Nabil Daoud: “El proteccionismo no es la solución a la dependencia exterior”

Defiende que la producción de medicamentos es un proceso muy globalizado y que el temor fue exacerbado por la pandemia

Nabil Daoud, presidente de Lilly en España, Portugal y Grecia, en el centro de I+D de la empresa en Alcobendas.
Nabil Daoud, presidente de Lilly en España, Portugal y Grecia, en el centro de I+D de la empresa en Alcobendas.

Dos informes recientes colocan a la estadounidense Eli Lilly en el top de innovación, con la cartera de I+D más prometedora del sector farmacéutico gracias, entre otras, al desarrollo de una terapia contra la diabetes (en proceso de solicitud de aprobación regulatoria) y otra frente al alzhéimer (en fase precoz). Nabil Daoud (Líbano, 1971), presidente de Lilly en España, habla sobre el beneficio para los pacientes que supondrán estos nuevos fármacos, además de la entrada de la compañía en el área de infecciosas tras lanzar tres tratamientos contra el Covid.

¿Cuál es el foco de su estrategia?

Tenemos cinco áreas terapéuticas claves en las cuales estamos invirtiendo: la diabetes, el cáncer, las enfermedades autoinmunes, las neurodegenerativas y el dolor. Y el año pasado nos sentimos en la obligación de encontrar respuestas terapéuticas al Covid. No tenemos una plataforma de vacunas, pero pensamos que nuestro conocimiento podría servir para el desarrollo de anticuerpos monoclonales. Por tanto, hemos entrado en un partnership con dos compañías, la canadiense AbCellera y la china Junshi, para el desarrollo de dos anticuerpos neutralizantes contra el virus, y hoy ya tienen la aprobación de emergencia por parte de EE UU y una opinión científica positiva por parte de la EMA [el regulador europeo].

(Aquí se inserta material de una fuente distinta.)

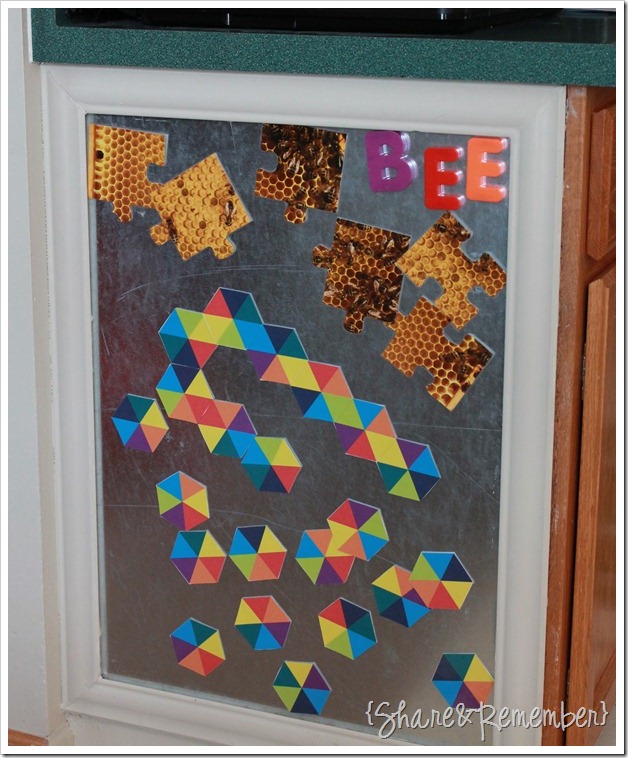 magnet hexagons bees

¿Puede indicar el nombre de estos dos medicamentos y cómo ha beneficiado a los enfermos?

Se trata de bamlanivimab y etesevimab, que se inyectan de manera ambulatoria en la fase inicial de la enfermedad para reducir el riesgo de hospitalización. Dirigidos a pacientes que por edad, comorbilidad, peso u otras patologías podrían tener un alto riesgo de desarrollar un Covid grave. Pero tenemos también un tercero, baricitinib, comercializado como Olumiant, para la artritis reumatoide y que ahora se utiliza para reducir la mortalidad en enfermos ya hospitalizados en situación crítica.

Cruzamos los dedos para que los nuevos fármacos contra el alzhéimer, que atacan la placa amiloide, tengan buenos resultados

¿Estos fármacos se usan en España para el abordaje del virus?

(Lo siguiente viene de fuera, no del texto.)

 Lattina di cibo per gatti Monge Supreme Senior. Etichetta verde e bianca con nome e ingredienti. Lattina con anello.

Los dos primeros, los anticuerpos monoclonales, todavía están en evaluación por parte de la EMA. Sin embargo, a partir de su valoración positiva, hay ya varios países europeos que los han adquirido. España aún no porque sigue un proceso de compra europea centralizada, pero esperamos que en las próximas semanas o meses estén disponibles. El tercero, baricitinib, como estaba aprobado para una indicación ajena al Covid, sí ha sido utilizado por varios centros al incluirlo la Agencia Española del Medicamento en sus guías de opciones terapéuticas.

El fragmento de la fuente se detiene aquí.